Caption-style text data:
----------------
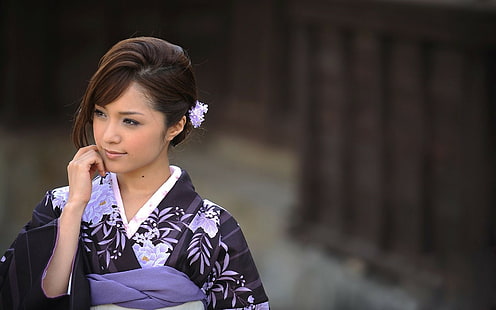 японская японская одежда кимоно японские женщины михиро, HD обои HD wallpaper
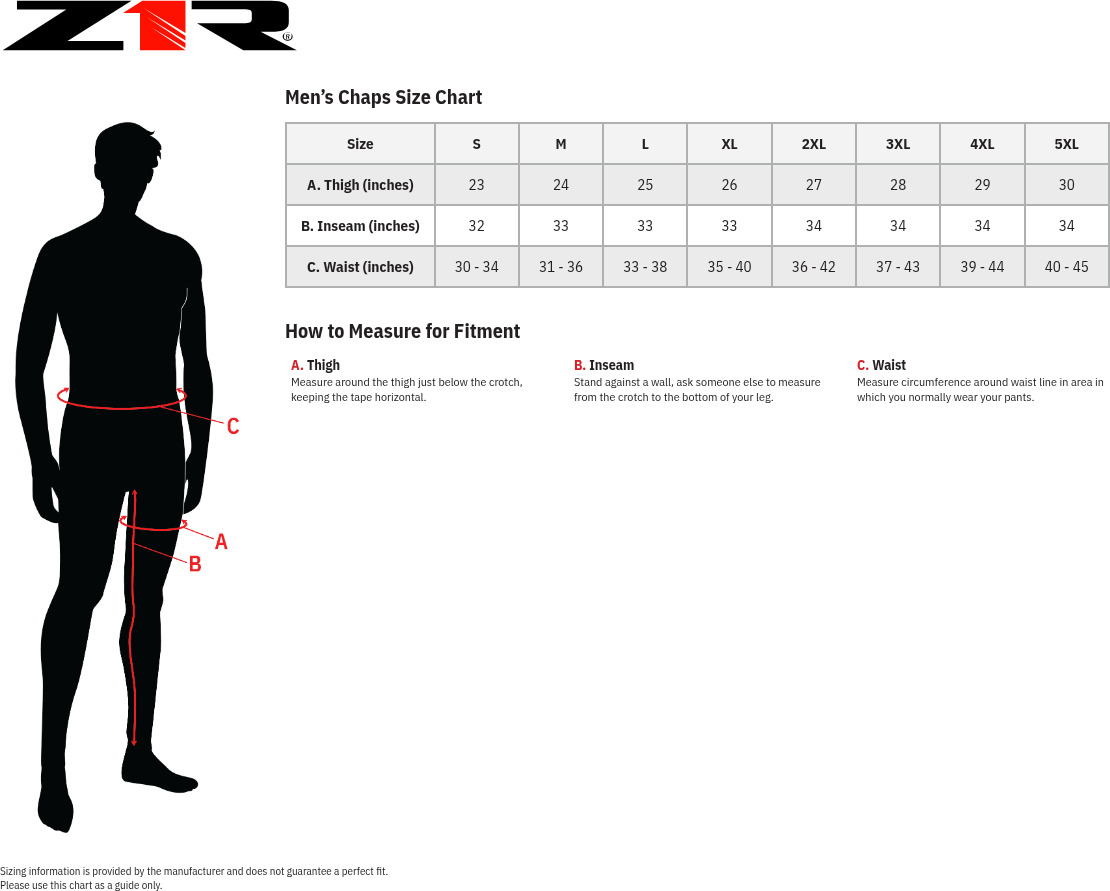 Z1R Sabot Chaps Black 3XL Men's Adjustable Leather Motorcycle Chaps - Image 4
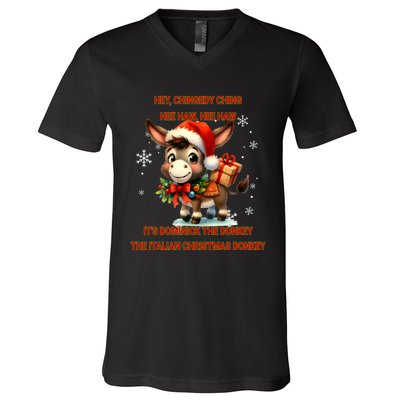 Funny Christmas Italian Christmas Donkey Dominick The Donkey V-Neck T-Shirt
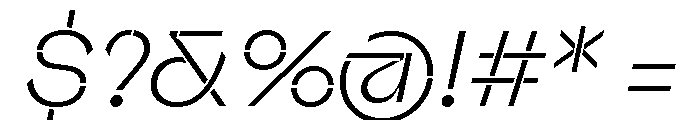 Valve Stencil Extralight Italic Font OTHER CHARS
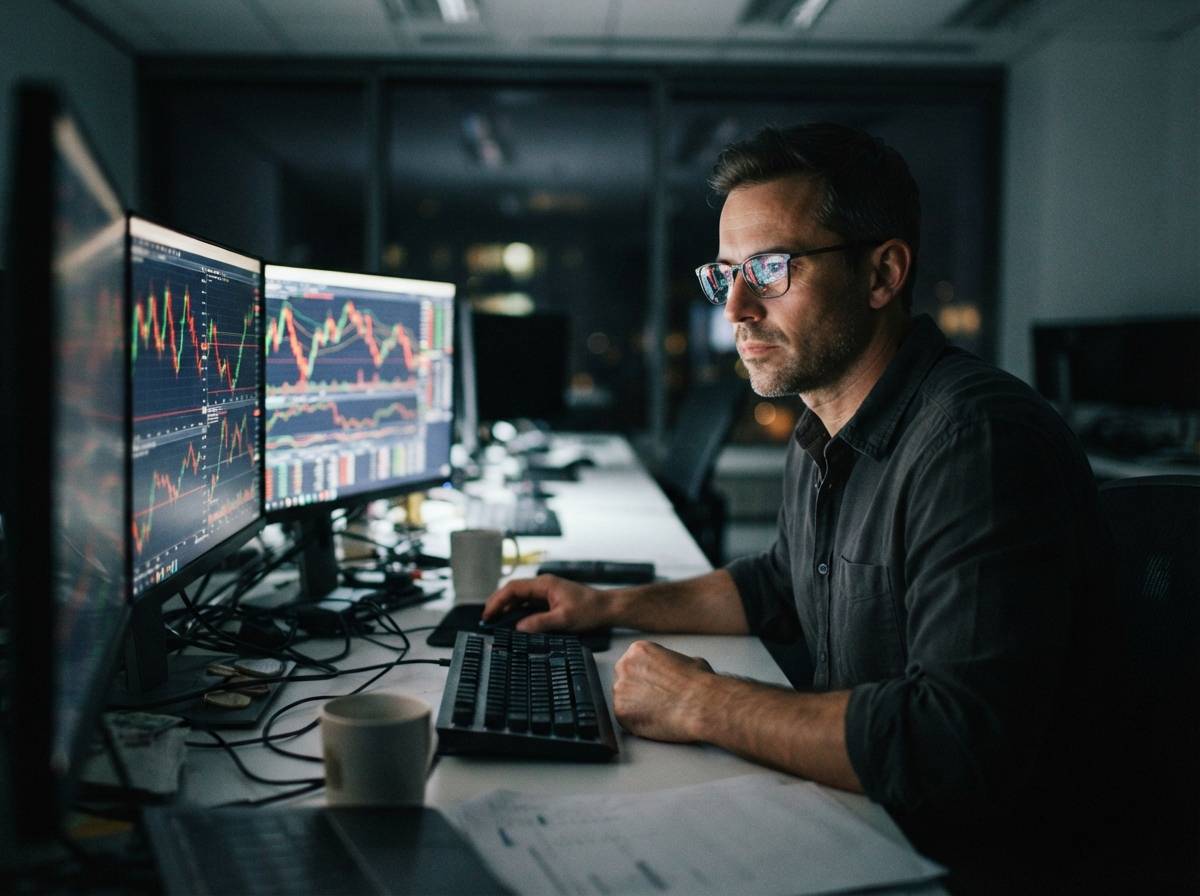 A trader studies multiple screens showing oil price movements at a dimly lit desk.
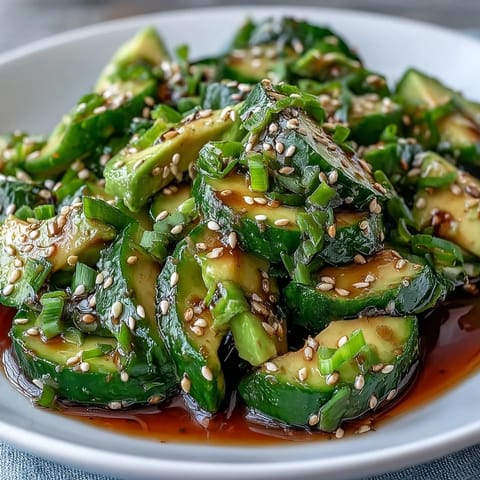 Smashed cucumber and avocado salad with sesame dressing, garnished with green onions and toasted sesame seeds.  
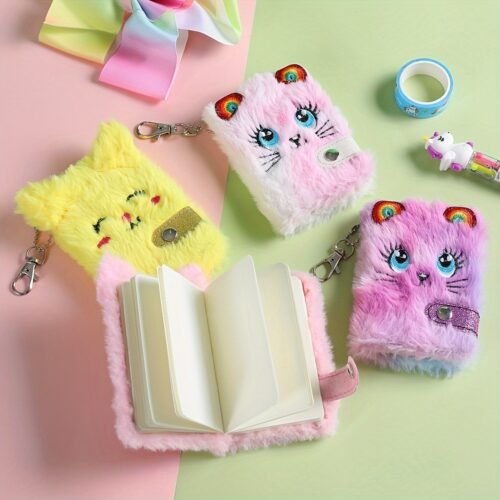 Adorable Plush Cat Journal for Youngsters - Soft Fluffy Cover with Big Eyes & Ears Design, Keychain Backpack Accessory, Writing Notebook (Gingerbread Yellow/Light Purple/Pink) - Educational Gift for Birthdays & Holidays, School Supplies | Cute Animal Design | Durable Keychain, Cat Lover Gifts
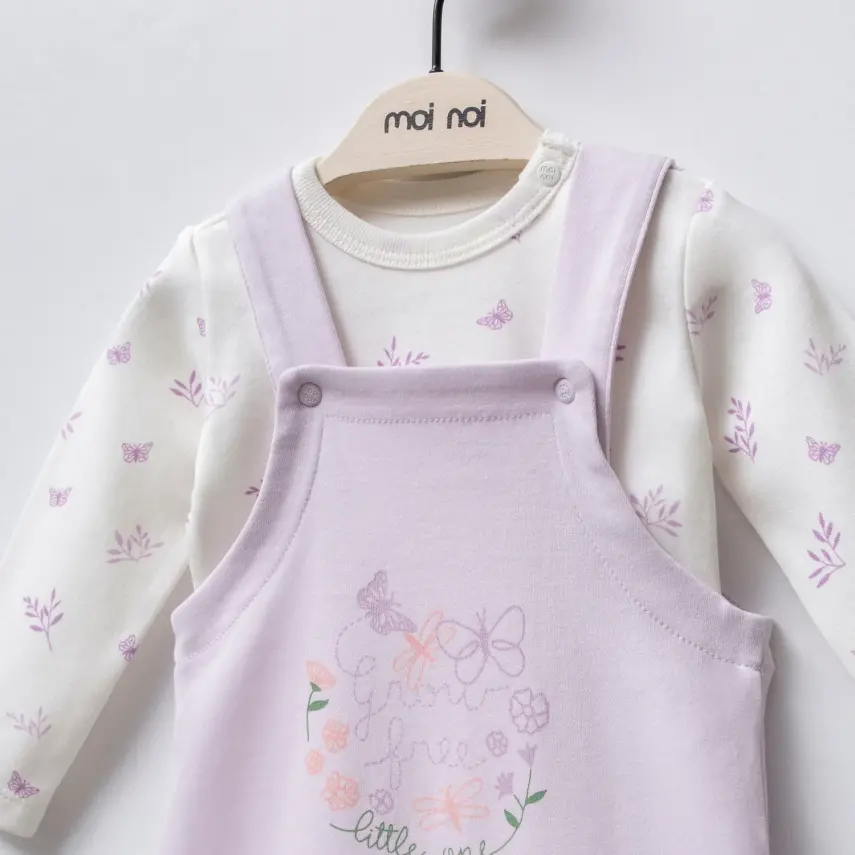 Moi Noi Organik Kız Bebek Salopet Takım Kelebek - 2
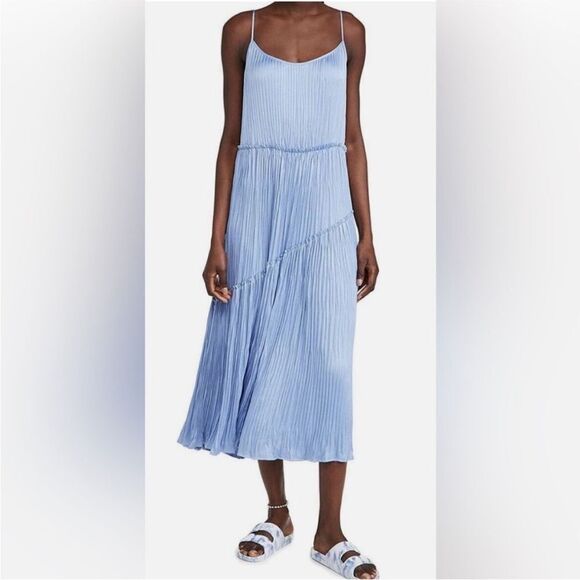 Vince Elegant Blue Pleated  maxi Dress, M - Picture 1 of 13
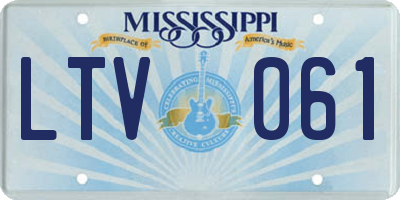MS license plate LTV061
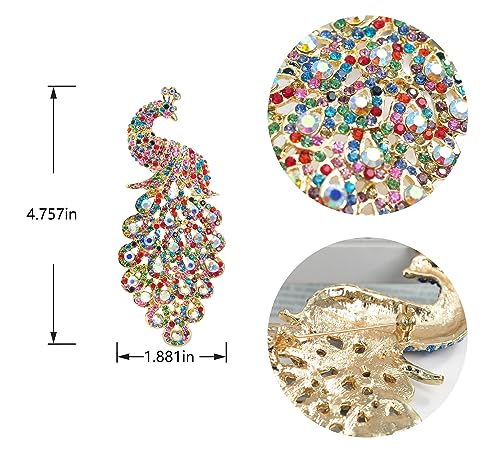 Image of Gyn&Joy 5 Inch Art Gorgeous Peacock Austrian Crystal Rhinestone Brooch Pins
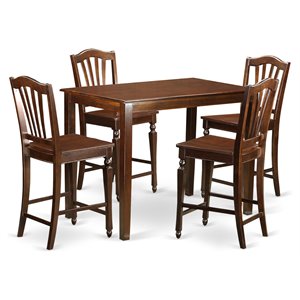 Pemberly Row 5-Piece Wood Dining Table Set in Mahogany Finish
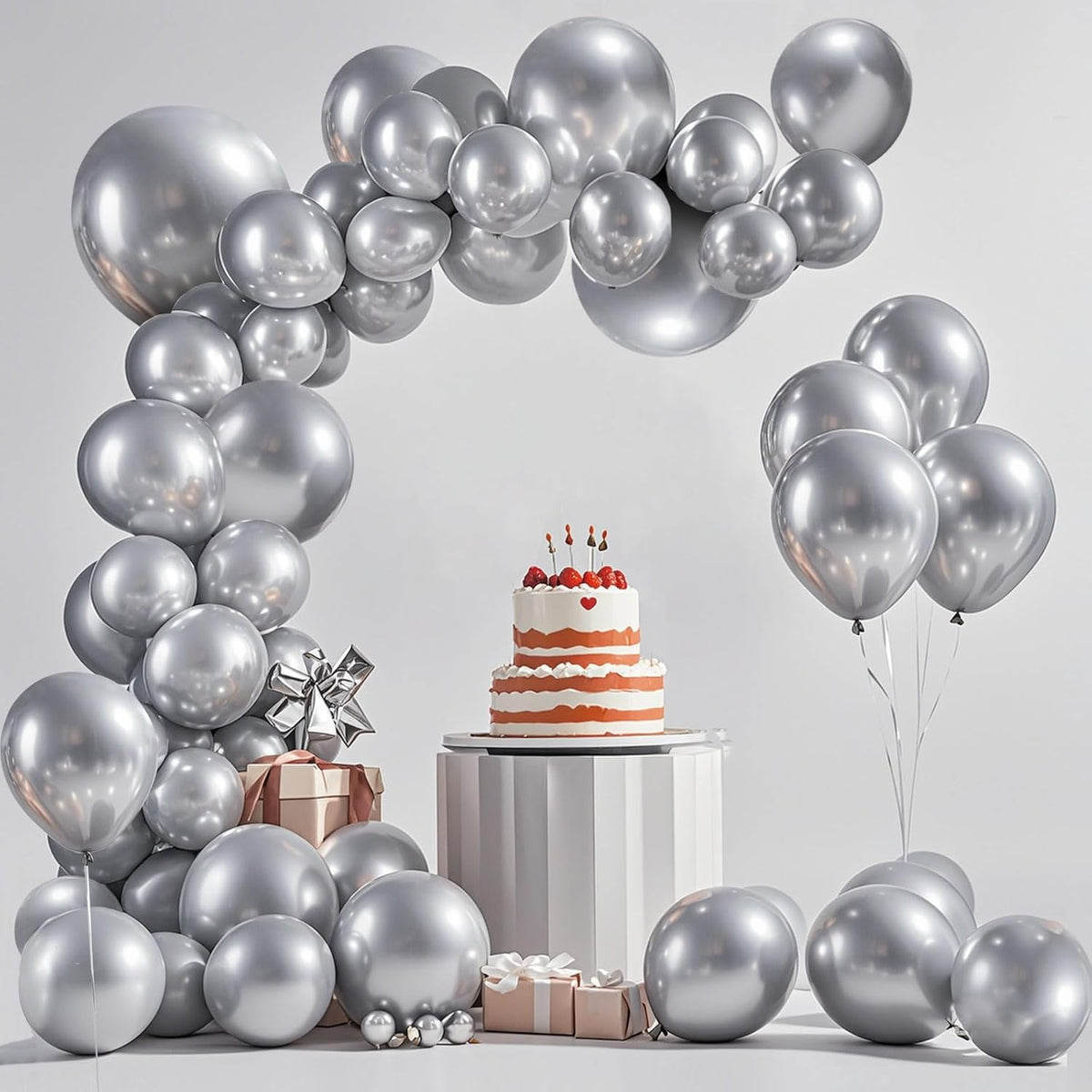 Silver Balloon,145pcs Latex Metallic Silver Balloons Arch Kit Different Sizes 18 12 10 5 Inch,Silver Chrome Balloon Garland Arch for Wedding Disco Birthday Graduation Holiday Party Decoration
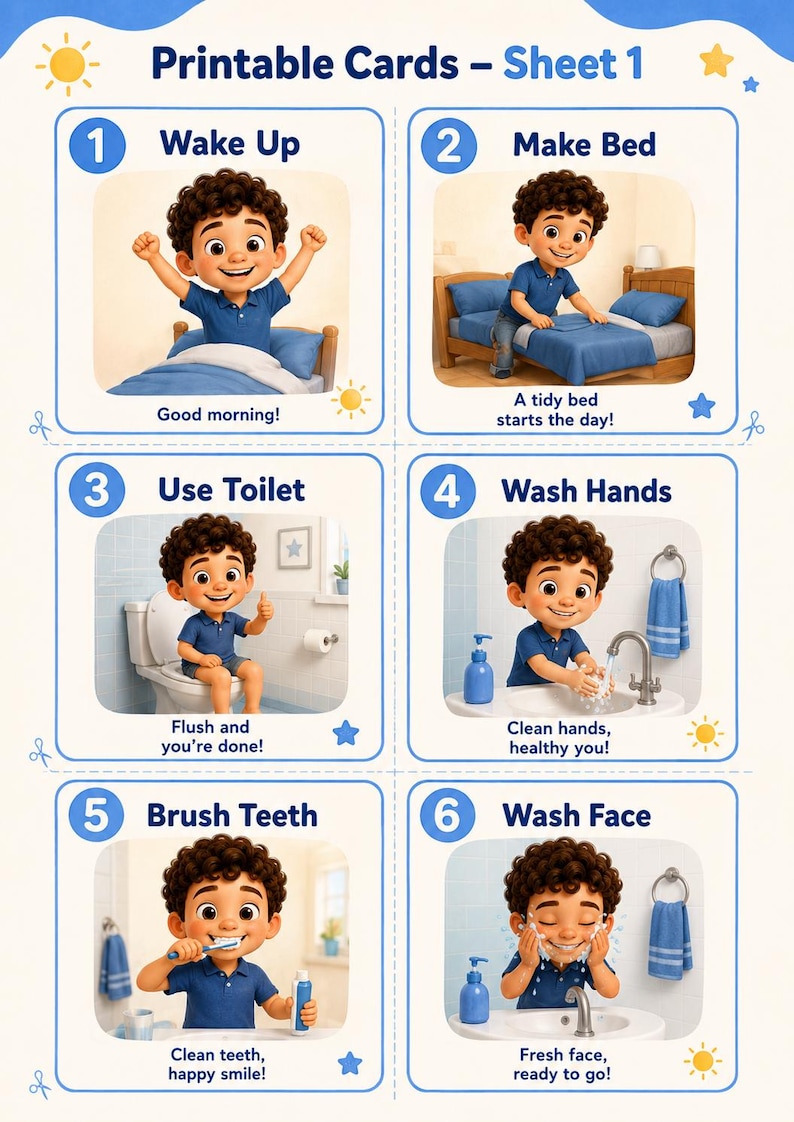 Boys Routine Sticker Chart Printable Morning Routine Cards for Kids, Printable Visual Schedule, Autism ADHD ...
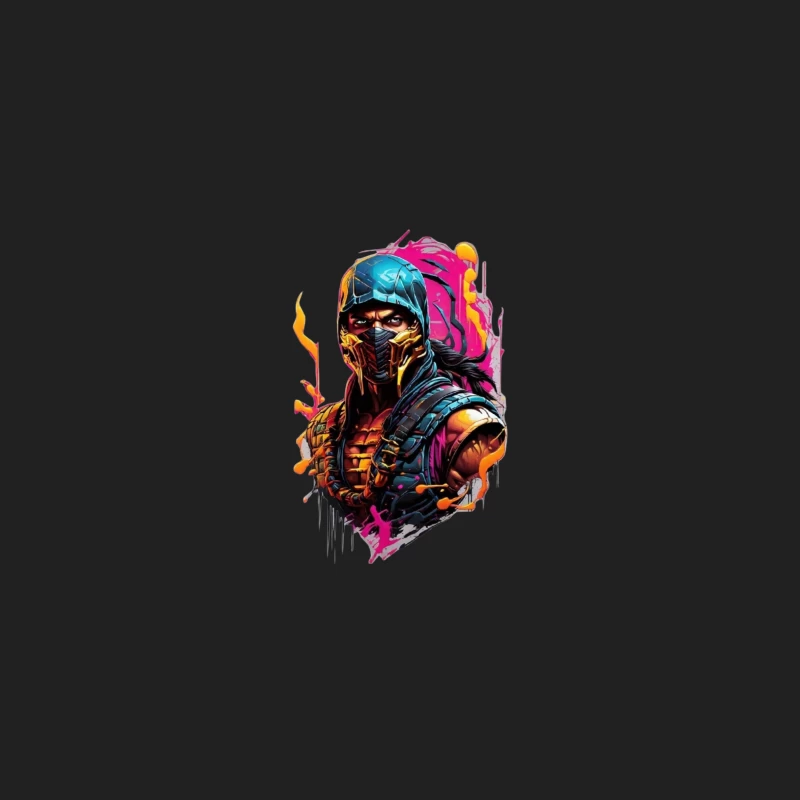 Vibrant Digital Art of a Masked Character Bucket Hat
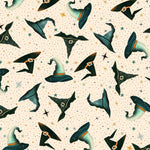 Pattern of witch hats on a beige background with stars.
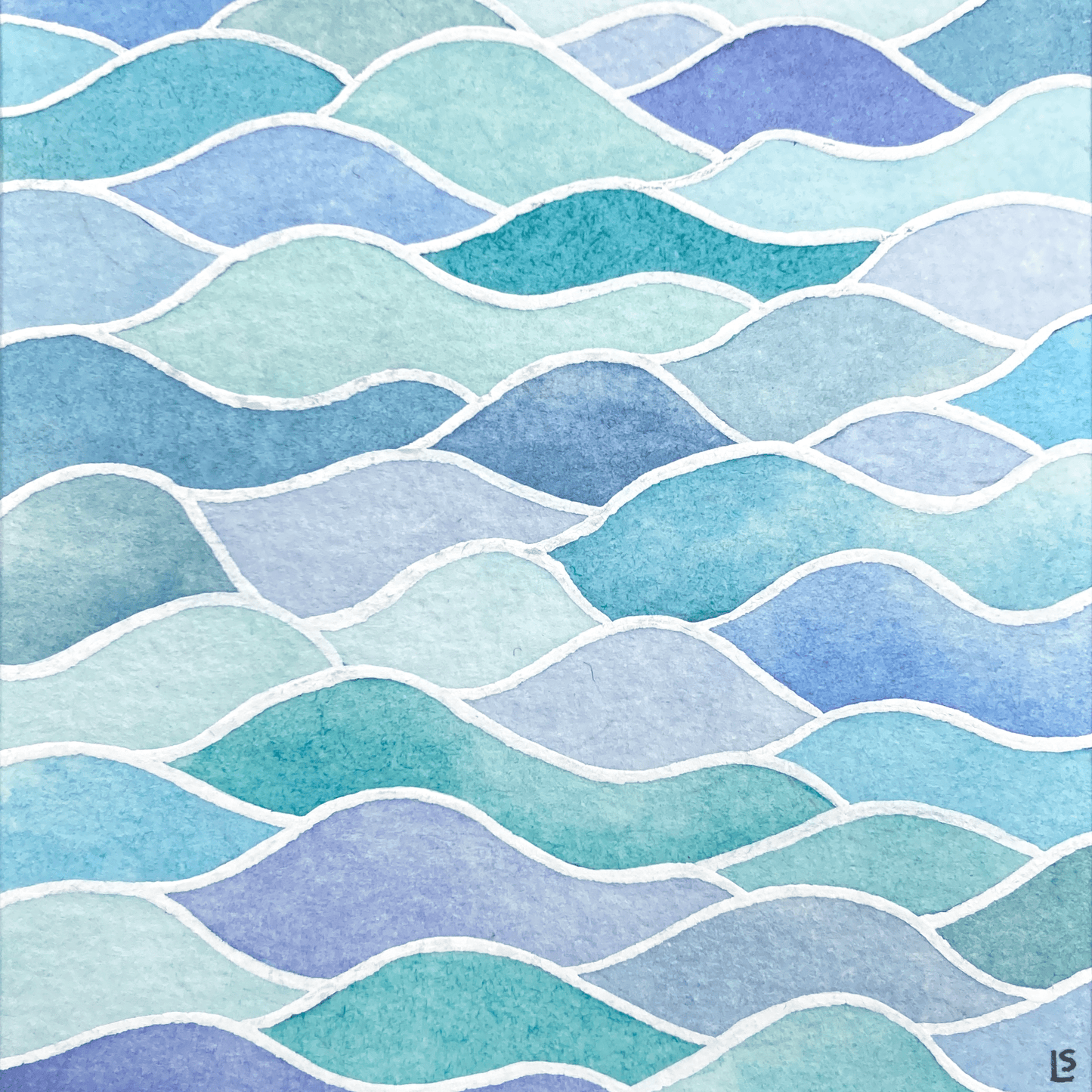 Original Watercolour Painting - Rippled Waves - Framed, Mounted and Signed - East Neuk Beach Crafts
----------------
DESCRIPTION OF THE TASK: Copy the lines above between the one holding "Vince Elegant Blue Pleated" and the one holding "Pemberly Row 5-Piece", inclusive. Drop the pictures.

RESPONSE TO THIS TASK:
 Vince Elegant Blue Pleated  maxi Dress, M - Picture 1 of 13
MS license plate LTV061
 Image of Gyn&Joy 5 Inch Art Gorgeous Peacock Austrian Crystal Rhinestone Brooch Pins
 Pemberly Row 5-Piece Wood Dining Table Set in Mahogany Finish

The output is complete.